Der hallesche Virologe Alexander Kekulé erklärt, was an Söders Ausgangsbeschränkung besser ist als an den Ausgangssperren in Österreich und Frankreich und gibt fünf einfache Regeln, mit denen jeder die Infektionsgefahr deutlich senken kann.

16:15 Uhr | Bodo Ramelow betet für Regen

Thüringens Ministerpräsident hat die Menschen im ARD-"Mittagsmagazin" dazu aufgefordert, den verordneten Mindestabstand einzuhalten und sich nicht in Gruppen zu treffen. In Thüringen seien die Innenstädte in den vergangen Tagen noch immer zu voll gewesen. Er freue sich zwar auch über das schöne Wetter, sagte Ramelow. "Aber im Moment bete ich zum lieben Gott, dass es regnet, dass es den ganzen Tag regnet."

15:50 Uhr | Metaller erzielen Not-Tarifabschluss

Unter dem Druck der Corona-Krise haben die IG-Metall und die Metall-Arbeitgeber einen Krisentarifvertrag vereinbart.

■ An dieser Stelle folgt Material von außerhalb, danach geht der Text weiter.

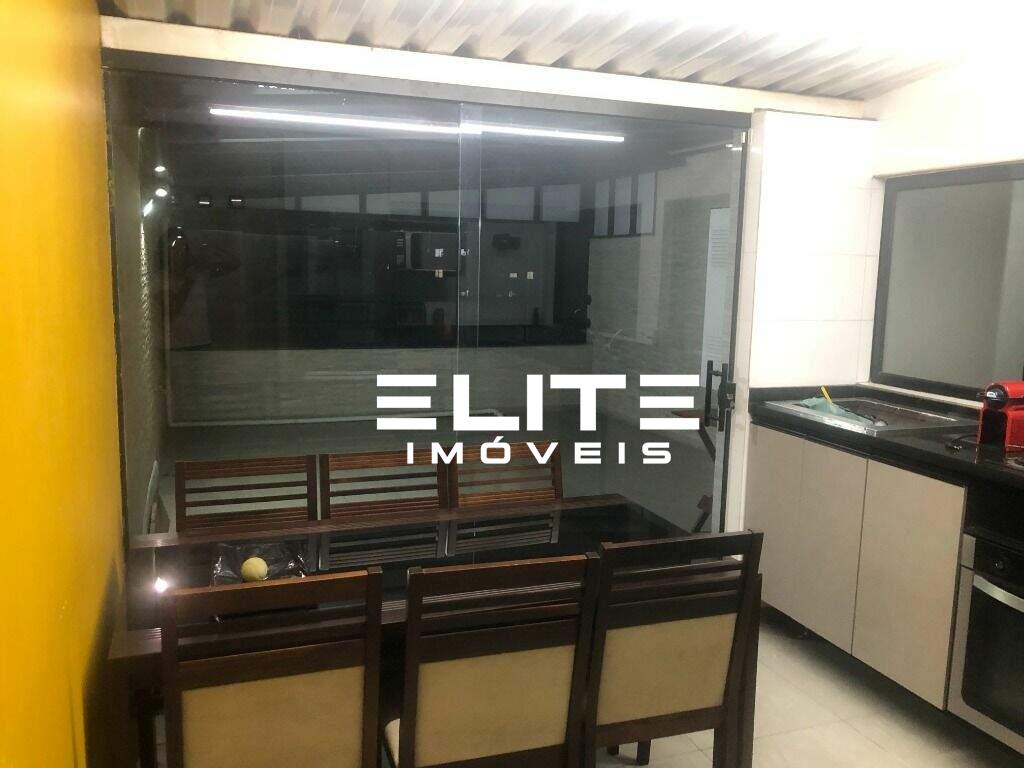 Cobertura à venda no Bairro Jardim: 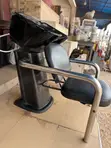 Premium Black Salon Hair Wash Chair / Backwash Unit - 2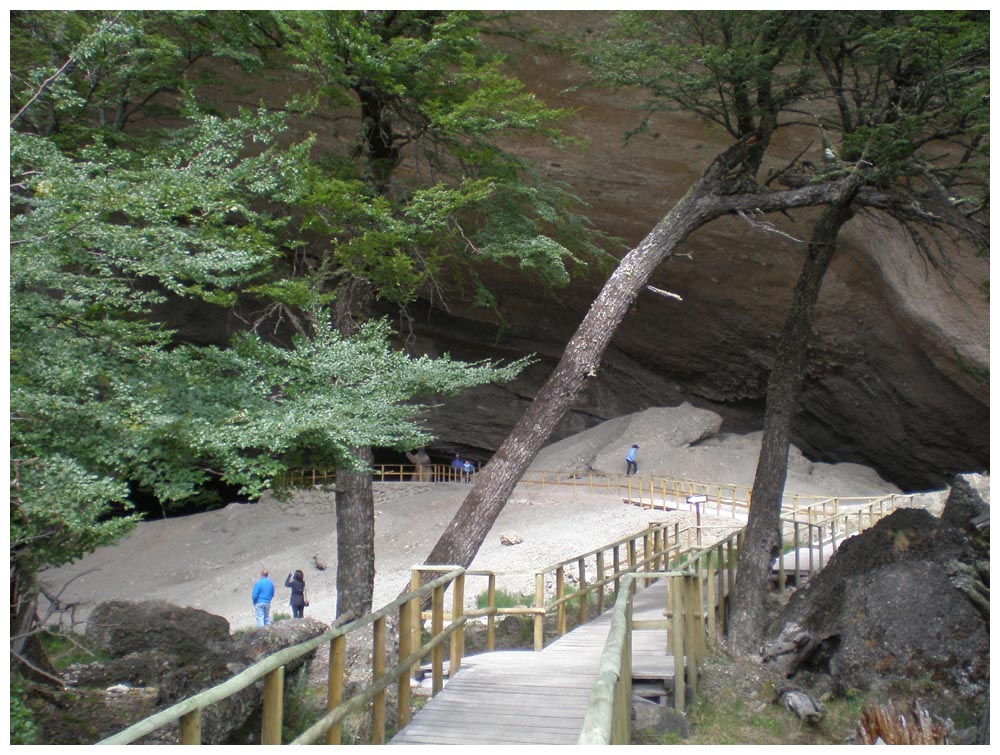 Mylodon-Höhle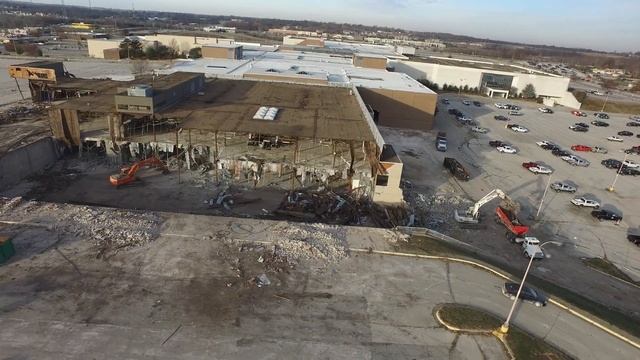 Metro North Mall Demo Week 1 смотреть онлайн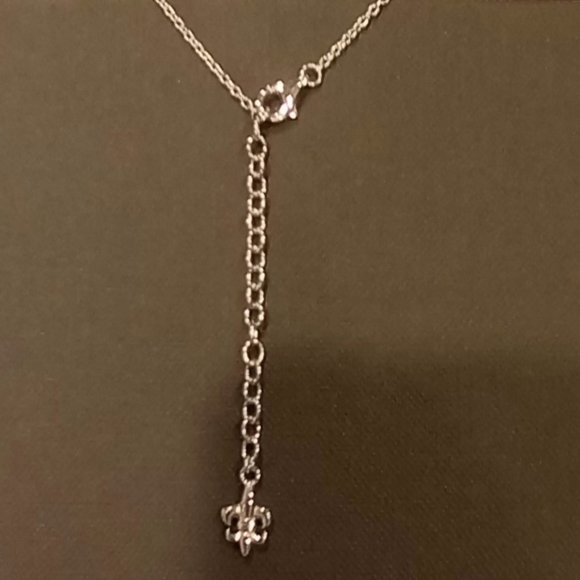 Hope Faith Miracles Pendant Necklace "Eagles Wing" - NWOT - Picture 5 of 8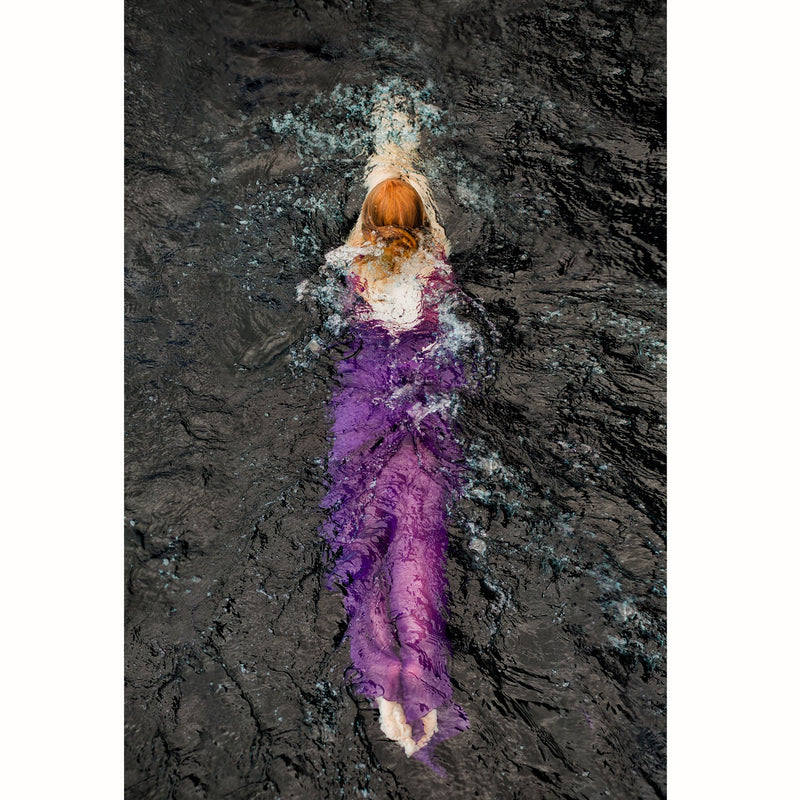 Release 44" x 32" - Other Editions Available - Petroff Gallery -  - Lora Moore - Release 44 x 32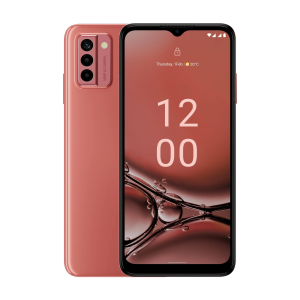 Nokia G22 Dual Sim 4GB RAM 128GB Peach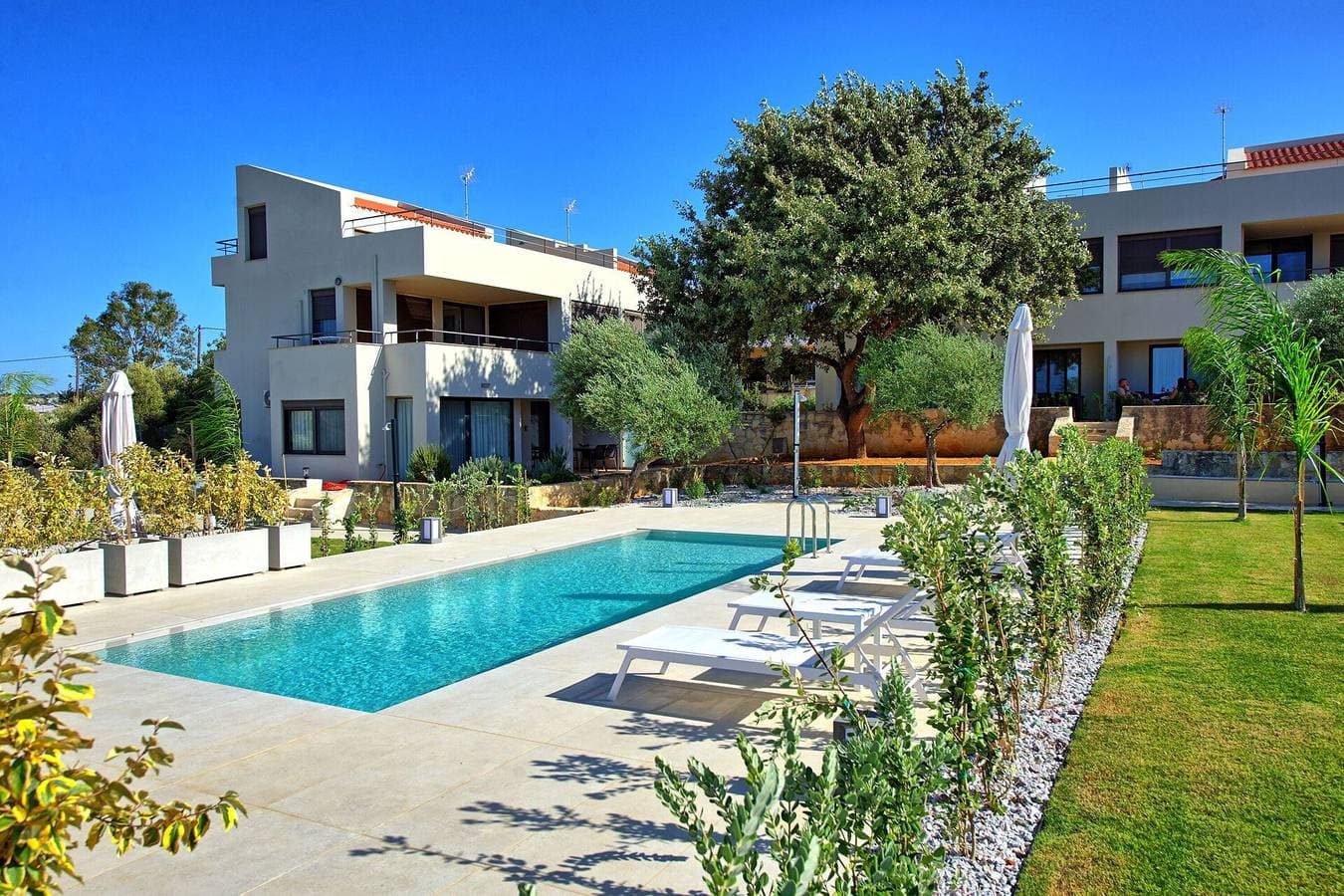 Foto 5 von 45: Ferienhaus für 5 Personen mit Terrasse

Mehr Geld sieht die in Nordrhein-Westfalen geschlossene Pilotvereinbarung nicht vor, jedoch zusätzliche freie Tage und einen Solidarfonds.

15:45 Uhr | Kretschmer kündigt harte Strafen an

Sachsen will mit Strafen gegen Menschenansammlungen vorgehen. Verstöße gegen Vorgaben der Behörden sollen mit einer Freiheitsstrafe von bis zu zwei Jahren geahndet werden können, teilte Ministerpräsident Michael Kretschmer (CDU) am Freitag unter Berufung auf das Infektionsschutzgesetz mit.

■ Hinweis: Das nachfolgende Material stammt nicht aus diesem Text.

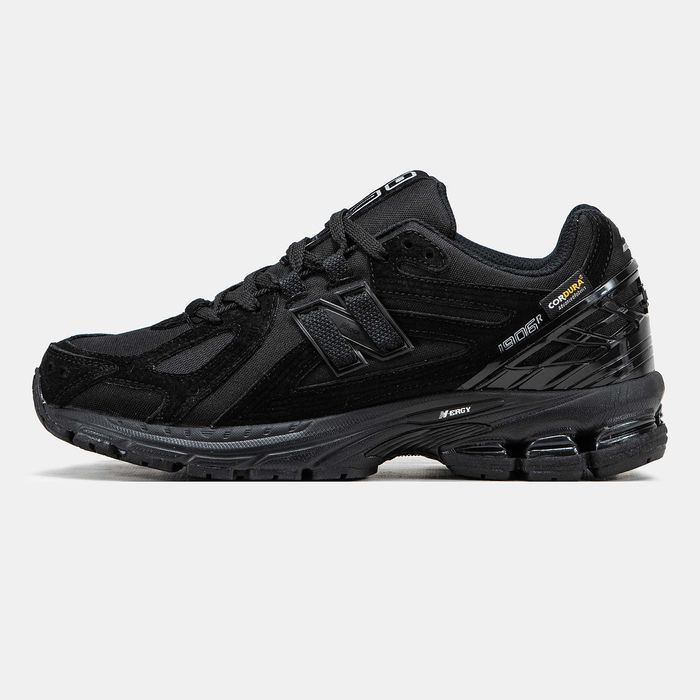 Кросівки New Balance 1906R Cordura Triple Black premium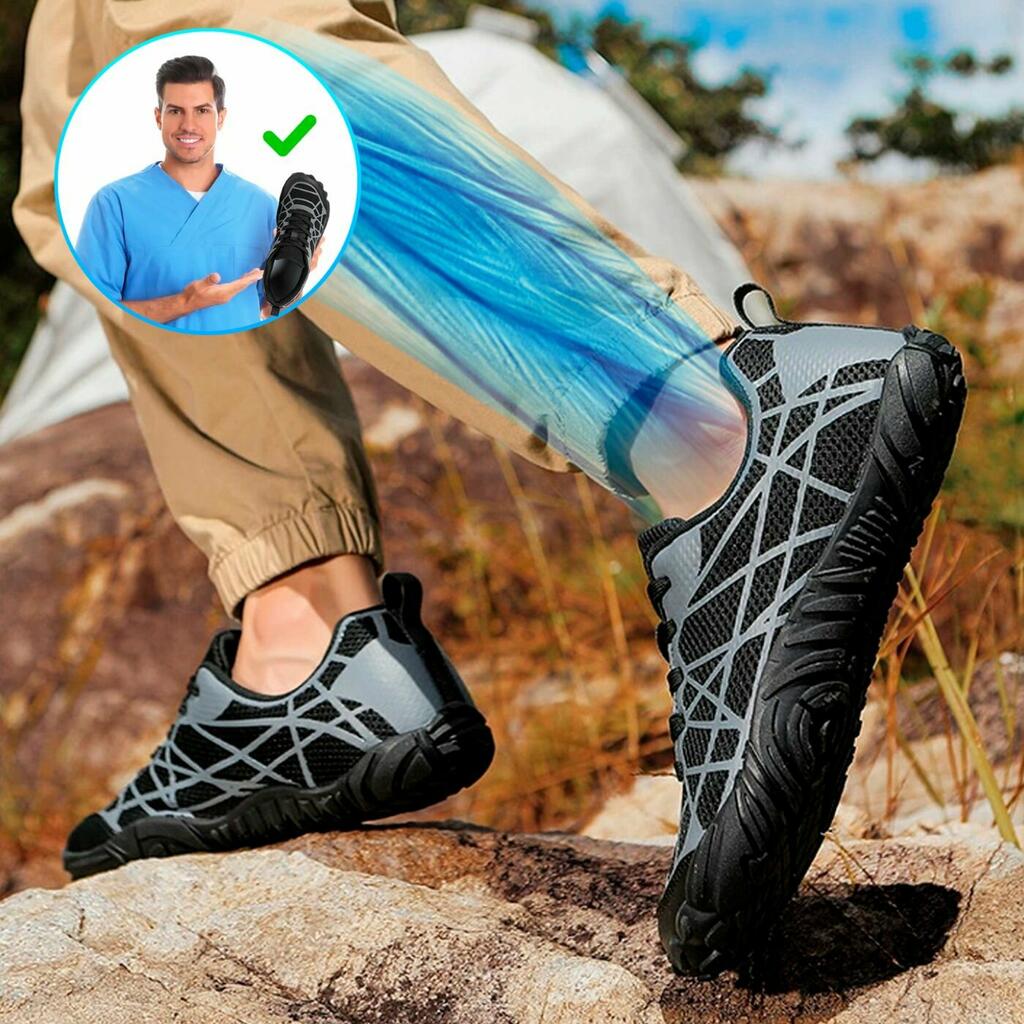 HUMTTO Flexible Unisex Barefoot Shoe: Value, Natural Feel & Comfort - Humtto UK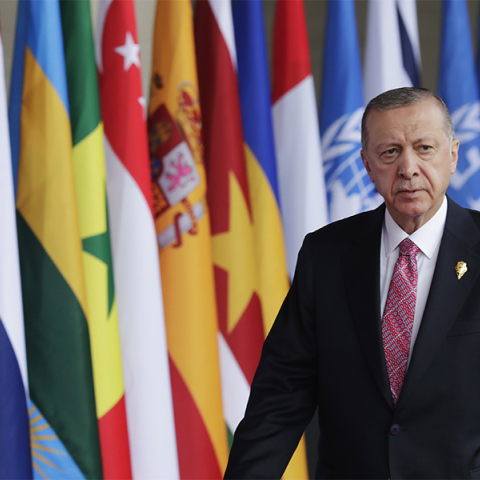 Ρετζέπ Ταγίπ Ερντογάν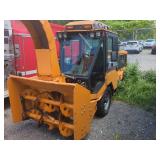 2012 TRACKLESS MT6 SERIES 6 SNOW REMOVAL VEHICLE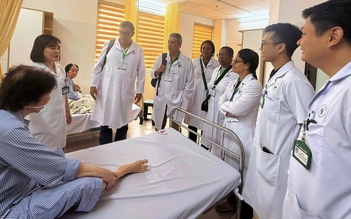 Bệnh viện 19-8 sẽ tăng gấp 2 số giường bệnh, nghiên cứu vắc xin ung thư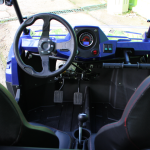 UTV 200cc Blue с Автоматична скростна кутия - Image 8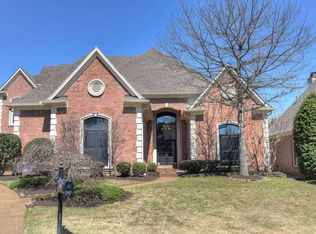 3519 Windgarden Cv, Memphis, TN 38125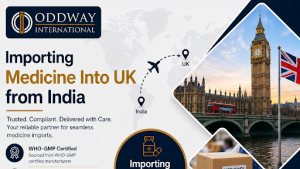 What to Know About Importing Medicine into UK from India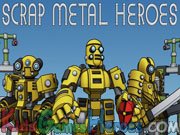 Scrap Metal Heroes icon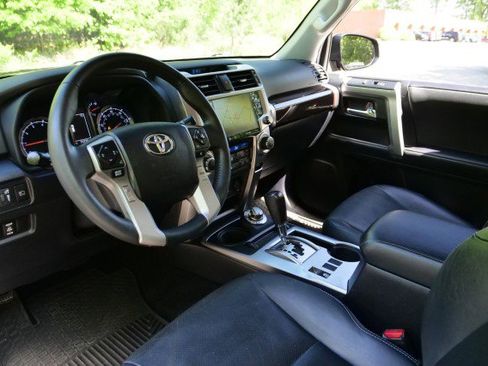 Used 2021 Toyota 4Runner Limited image 2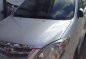 Toyota Avanza 2008 G Silver SUV For Sale -0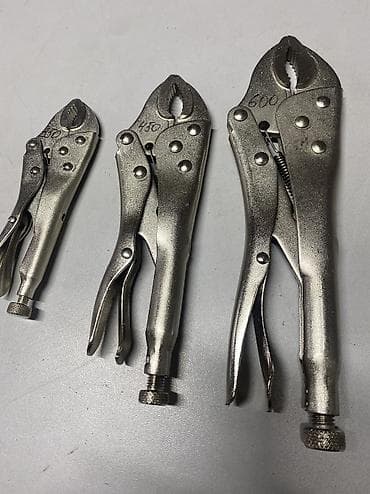 трубный ключ: Переставные клещи Адрес: Павлова 95 А, напротив западного автовокзала — 2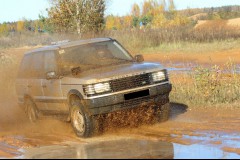 Land Rover Range Rover 1994 - 2002 foto 4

15:30 Uhr | Krankenhäuser rüsten sich

Die Krankenhäuser in Mitteldeutschland rüsten sich für viele neue Corona-Patienten. Der soziale Bereich fährt - gezwungenermaßen - herunter.

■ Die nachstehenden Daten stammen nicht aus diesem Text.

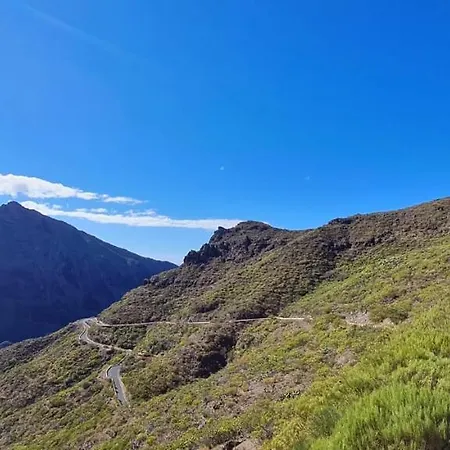 Casa Rural El Horno Masca Semesterbostad Buenavista Del Norte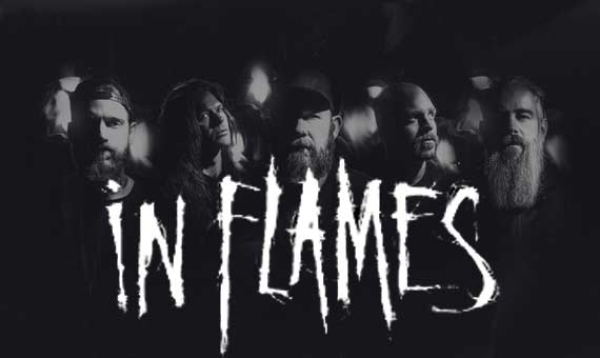 IN FLAMES teilen neuen Song «The Great Deceiver» und kündigen Tourdaten im Herbst an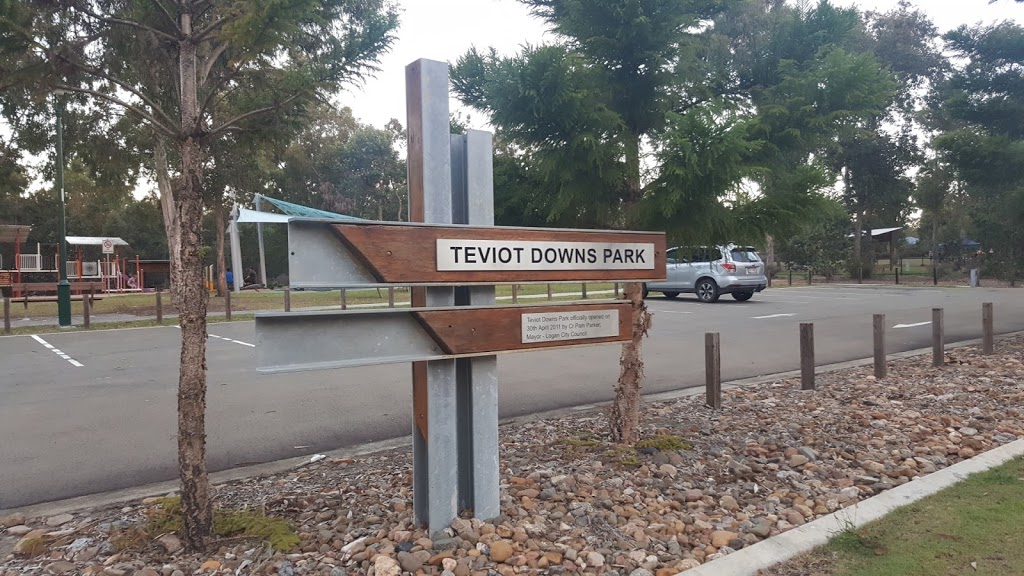 Teviot Downs Park | park | 26 Bradman St, New Beith QLD 4124, Australia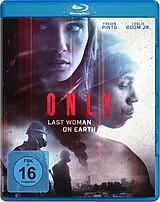 Only - Last Woman On Earth Blu-ray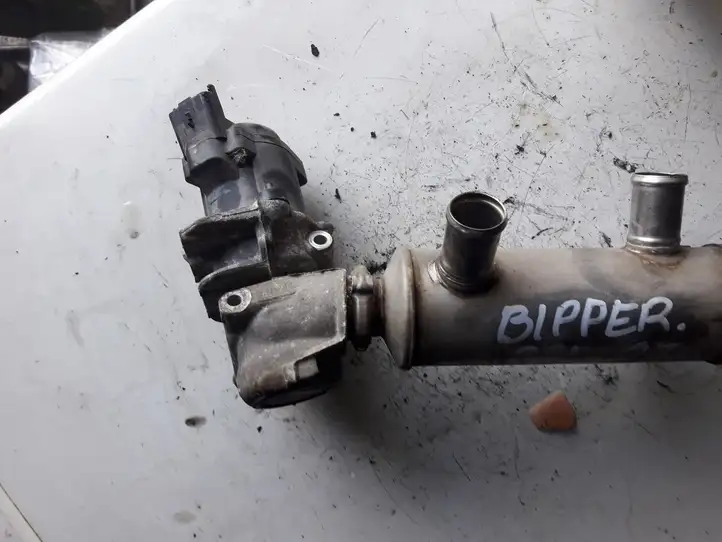 Peugeot Bipper (2008 - 2011)   Клапан EGR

14:50 Uhr | Baden-Württemberg, Hessen und Rheinland-Pfalz schränken öffentliches Leben weiter ein

In Baden-Württemberg sind Menschenansammlungen mit mehr als drei Personen auf öffentlichen Plätzen vorerst nicht mehr erlaubt. Das teilte Ministerpräsident Winfried Kretschmann am Freitag in Stuttgart mit. Ausnahmen gebe es für Familien und Paare.

Auch die rheinland-pfälzische Landesregierung ordnete am Freitag die Schließung von Gaststätten an und untersagte Versammlungen von mehr als fünf Menschen. In Niedersachsen müssen ab Samstag alle Restaurants und Cafés schließen.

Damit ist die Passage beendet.